Late Thursday afternoon, Jeff Passan of ESPN broke the news that over 1,000 minor league players could be released over the next few days. NBC Sports Chicago then reported that the Cubs were going to cut 30 players, though the identities of those players were not known at the time. It was also noted, however, that the Cubs were going to pay the released players through June.
Pitcher Brock Stewart and infielder Carlos Asuaje were the first two players named as part of the cuts, with the rest coming Friday afternoon via JJ Cooper of Baseball America. It was noted that the Cubs have now released a total of 50 minor league players since March.

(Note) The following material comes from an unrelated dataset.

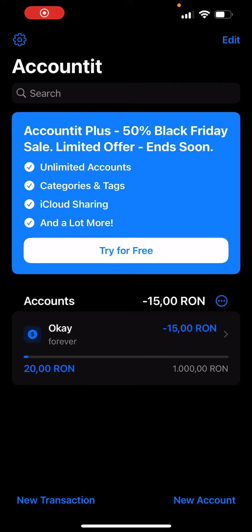Hey guys, today I'm gonna show you how to change your tint color in the Accountit app. But first, before I get into that, I want to say one thing — please subscribe, comment, and like our videos.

Most of the players released were signed this past winter as minor league free agents and a few more were scheduled to be free agents at the end of this season. Jake Stinnett, Ian Rice, and Wladimir Galindo were part of that latter group. Most of the list is filled with players that were thought to be headed to Tennessee or Iowa, with only a few likely headed to Myrtle Beach.
The biggest surprise of the cuts is Oscar De La Cruz, who the Cubs converted to a reliever last summer and then re-signed this winter. The former number one prospect in the system is still relatively young, having just turned 25 in March, and could still have a bright future.
Outfielder Charcer Burks was a surprise cut considering his experience and success in spring training with the big league club the past two years. The issue for Burks was consistency at Double-A. Drafted in 2013 out of high school, Burks had yet to make it to Iowa. Stinnett, a second round pick in 2014, likewise struggled to get past Double-A Tennessee. The 28-year-old is at an advanced age for a prospect and he struggled with injuries the past two years.
While the timing is not at all unusual, it’s a bit jarring to see these cuts come in bulk fashion like this. Combined with reports of Minor League Baseball being trimmed by 42 affiliates, not to mention all the other financial unrest in the game, this isn’t a harbinger of good things to comes.
All the best to these players and the hundreds of others across the sport who may have to find new paths by which to chase their dreams.